Bar trivia can certainly be high stakes, especially when there’s prize money involved, but even so, there’s no excuse for the absolutely pitiful scene going down at Morton’s Lodge in Madison, Wisconsin right now: The Quizzy Bears just looked up what #5 was after handing in their bar trivia sheet and are now weeping and wailing with grief.

Jesus Christ. These nerds need to calm the fuck down.

The Quizzly Bears, a six-person friend group who are regulars at Morton’s Lodge’s Tuesday Night Trivia Extravaganza, were brimming with smug confidence when they handed off their answer sheet to the host just minutes ago. That is, until they realized they wrote down “silk” instead of “tin” for a question about the traditional name of the tenth wedding anniversary, a revelation that sent each and every dweeb in the group into paroxysms of grief that can be seen and heard throughout the bar. As soon as the Google results populated on the phone they were using to desperately check their answers, the Quizzly Bears let out a collective moan of despair, which soon gave way to anger and gnashing of teeth as the team members began shouting “I knew it was tin, I just second guessed it!” and “Goddammit, I literally had that on the tip of my tongue!” The team members are now utterly inconsolable over the fact that their four-week streak of top three finishes has been broken—and even worse, they won’t be able to redeem themselves next week since they all bought tickets to go see Dune together.
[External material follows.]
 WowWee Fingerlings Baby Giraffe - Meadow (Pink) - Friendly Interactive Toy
Woof. The Quizzly Bears are a hot mess.

Perhaps most distraught is the guy who suggested that he thought he’d heard something about the silk anniversary on Everybody Loves Raymond one time, as he is now sitting off alone in the corner, head down in shame, glumly sipping his $7 Blue Moon to drown his woes. And across from him, fighting to suppress her fury, is the girl who quietly (and correctly!) suggested “tin” but was ignored by her teammates in favor of the other guy’s more confident guess, fuming as she silently confirms her suspicion that she is in fact much smarter and better at trivia than him, and that his unfounded hubris cost the Quizzly Bears both the match and their very dignity.
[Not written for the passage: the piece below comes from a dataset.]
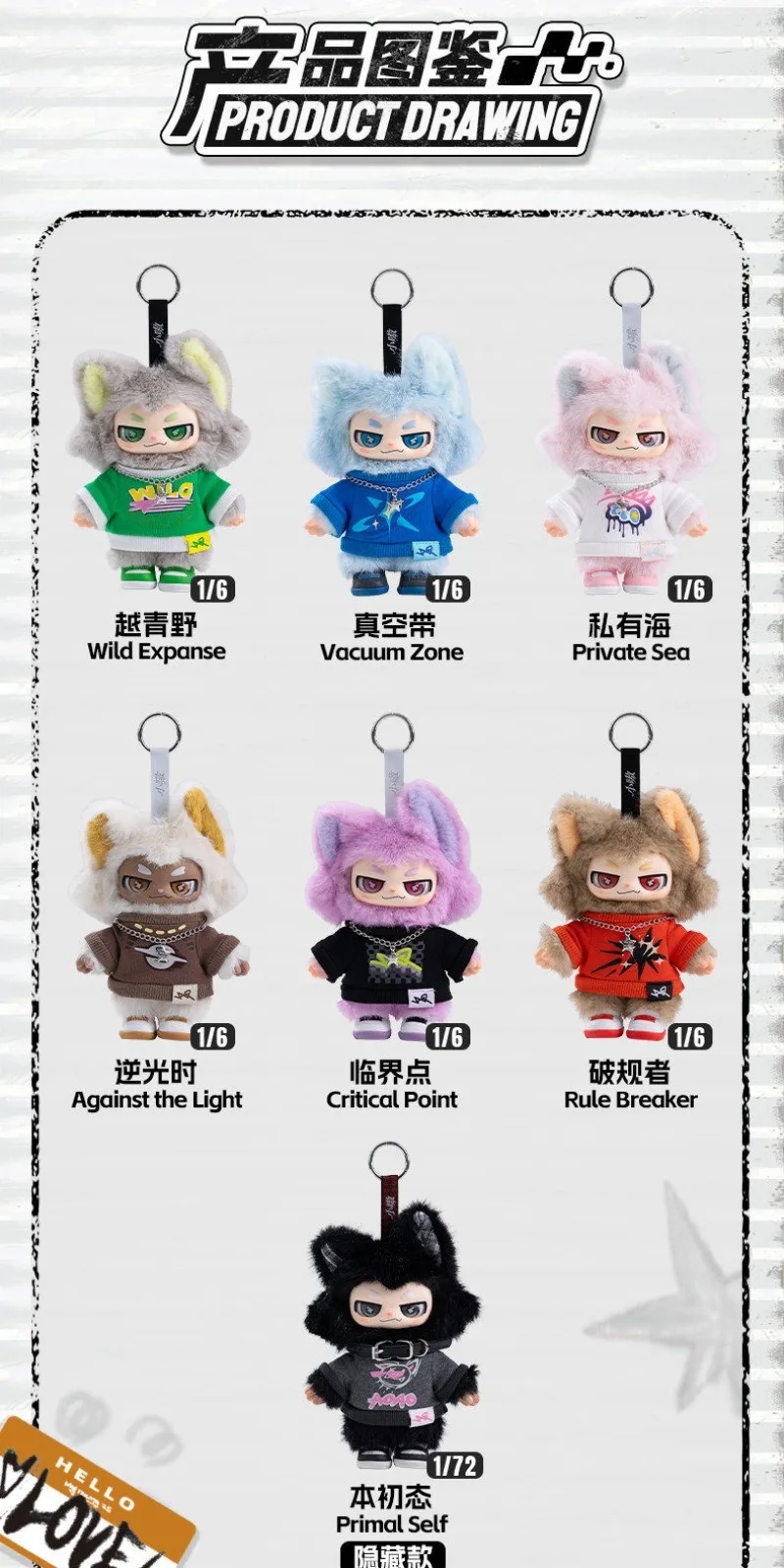 Xiao Ao “I Am A Rule Breaker” Blind Box Collectible Figure – YiBo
Sheesh, the Quizzly Bears are straight-up acting like a family member died—they’re not even bothering to claim their runner-up prize of a free appetizer!

Given how emotionally devastated their failure has left them, it’d probably be best for the Quizzly Bears to take a couple months off of bar trivia to cool down a bit, but it doesn’t seem like that’ll happen. They’re already talking about their “comeback game” in two weeks, and there’s no doubt that if it doesn’t go well, another pathetic display like this one will ensue. Jesus, Quizzly Bears! Get a life!